7日に来季の契約を結んだソフトバンクの泉圭輔投手。契約更改交渉後の会見では、SNS上で浴びた誹謗中傷への恐怖を告白し、リーグ最終戦後にあった嘉弥真新也投手、甲斐拓也捕手とのエピソードについても明かした。
10月2日のロッテ戦。勝つか引き分けでリーグ優勝が決まる一戦で、泉は2点リードの6回に2番手で登板した。だが、リードを守ることはできず、山口に逆転3ランを浴び、チームは敗戦。右腕は、ベンチで人目をはばからず号泣した。結果的にオリックスに逆転でのリーグ優勝を許すことになった。
そのロッテ戦の直後、嘉弥真と甲斐に食事に誘われた。「嘉弥真さんと拓也さんに『無理矢理にでもメシ行くぞ』って言われて」。外出するにも恐怖を覚えたが、嘉弥真が泉を部屋まで迎えに行き、焼肉店へと移動する道中、甲斐は泉の手を握っていてくれたという。泉の苦しい心中が分かるからこそ、あえて2人は食事に連れ出した。
この話を聞いた時にふと思い返したのが、2年前、甲斐拓也から聞いた言葉だった。
「僕も苦しんでいる人がいたら、寄り添える人間になりたいと思いました」
日本一に輝いた2020年のことだ。
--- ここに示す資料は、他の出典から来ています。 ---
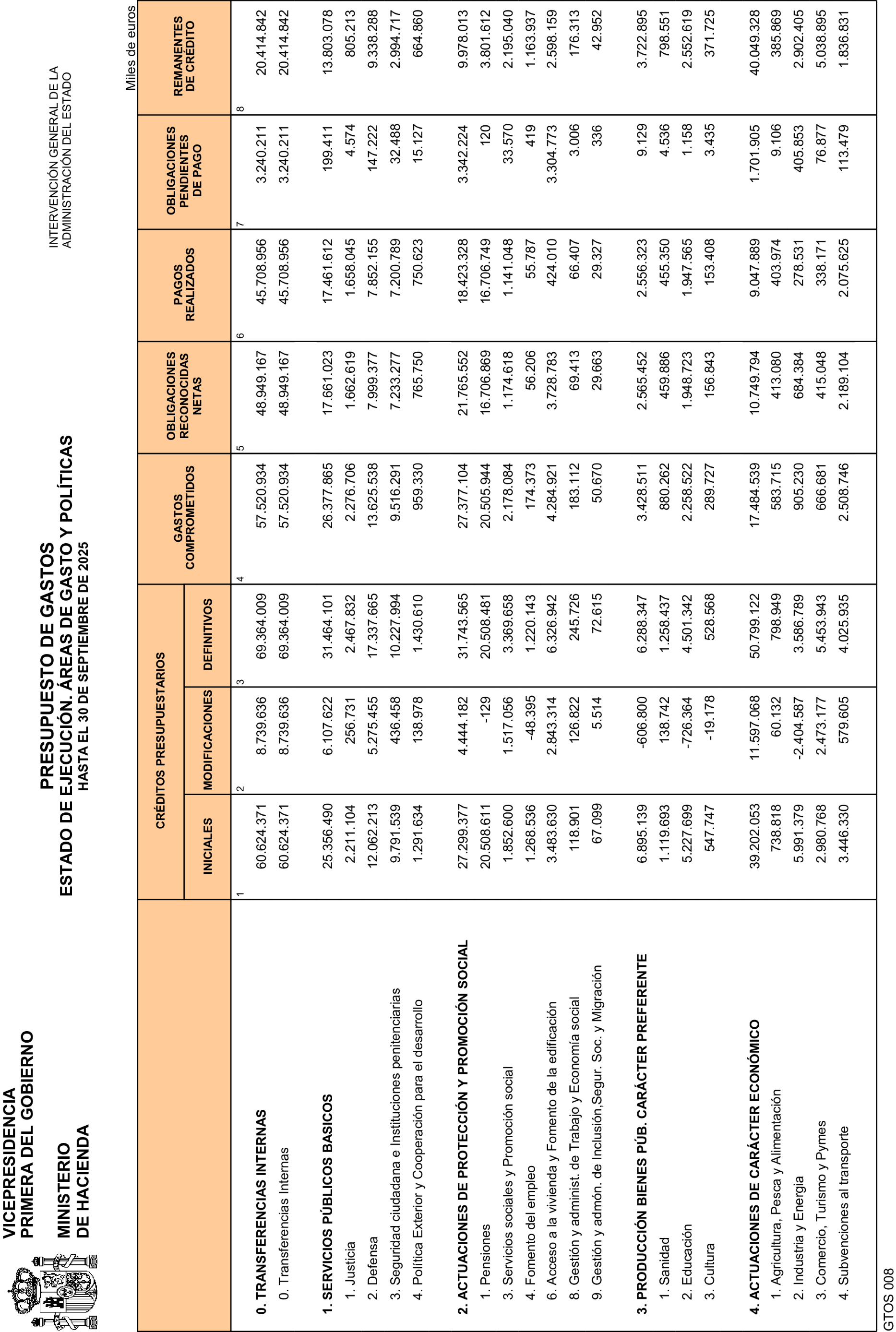 Imagen: /datos/imagenes/disp/2025/268/22588_16289517_5.png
ソフトバンクはシーズン序盤はなかなか波に乗れず、借金生活が続いた。甲斐も精彩を欠き、7月上旬には3試合連続でスタメンから外された。食事会場にも行かず、コンビニで食料を買ってホテルの自室に閉じこもった。毎晩、涙を流した。
精神的に追い込まれ、落ち込んでいた甲斐に寄り添ったのが王貞治球団会長、城島健司会長付きアドバイザー、そして今年から1軍投手コーチに就任した斉藤和巳氏らだった。直接話を聞いてくれたり、わざわざ電話をくれたり……。球団に批判の手紙が届いたりもしたが、周囲で寄り添ってくれる人がいたことで、甲斐は立ち直ることができた。
苦悩の1年を戦い終えたあとに、甲斐がポツリと口にしたのが、この言葉だった。それから2年が経った。最終戦での悪夢、そして泣き崩れる後輩。2年前の自分の姿を重ねたのかもしれない。前日の西武戦でもサヨナラ被弾を浴び、涙を流した海野隆司捕手の隣にはずっと甲斐の姿があった。あの時の言葉の通り、泉に、海野に寄り添っていた。
嘉弥真だってそうだ。2012年にプロ入りし、11年間プレーする中で苦しい時も、悩む時もあった。その時に数々の支え、寄り添ってくれる先輩や仲間がいたから、ここまで来ることができた。そんな経験があるからこそ、悲しみに暮れていた泉に、すぐさま救いの手を差し伸べることができた。
嘉弥真と甲斐の気遣い、そしてファンからの励ましで立ち直ることができた泉。右腕もこの経験から、後輩が悩み、苦しむ時には手を差し伸べるようになる。こういった姿勢もまた、脈々と先輩から後輩へと受け継がれていくものなのだろう。